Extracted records
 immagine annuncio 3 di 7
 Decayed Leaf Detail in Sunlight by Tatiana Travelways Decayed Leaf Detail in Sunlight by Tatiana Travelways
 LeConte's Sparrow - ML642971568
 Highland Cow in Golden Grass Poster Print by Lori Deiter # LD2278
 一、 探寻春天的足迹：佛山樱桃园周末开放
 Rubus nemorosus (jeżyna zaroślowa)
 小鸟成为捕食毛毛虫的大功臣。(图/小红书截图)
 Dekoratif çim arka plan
---
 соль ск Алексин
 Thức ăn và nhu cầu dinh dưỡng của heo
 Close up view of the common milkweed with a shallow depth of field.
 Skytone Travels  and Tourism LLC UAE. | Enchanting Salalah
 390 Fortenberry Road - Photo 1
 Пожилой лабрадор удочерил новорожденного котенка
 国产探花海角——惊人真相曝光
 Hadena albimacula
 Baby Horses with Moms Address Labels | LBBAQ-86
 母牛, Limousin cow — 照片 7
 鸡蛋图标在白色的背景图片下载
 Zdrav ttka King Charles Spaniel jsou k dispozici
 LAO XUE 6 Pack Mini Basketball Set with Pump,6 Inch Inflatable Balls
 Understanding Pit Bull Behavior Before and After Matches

--- WHAT YOU NEED TO DO ---
How many of the lines above contain the word "with"? Only the number should be given.

--- SOLUTION ---
3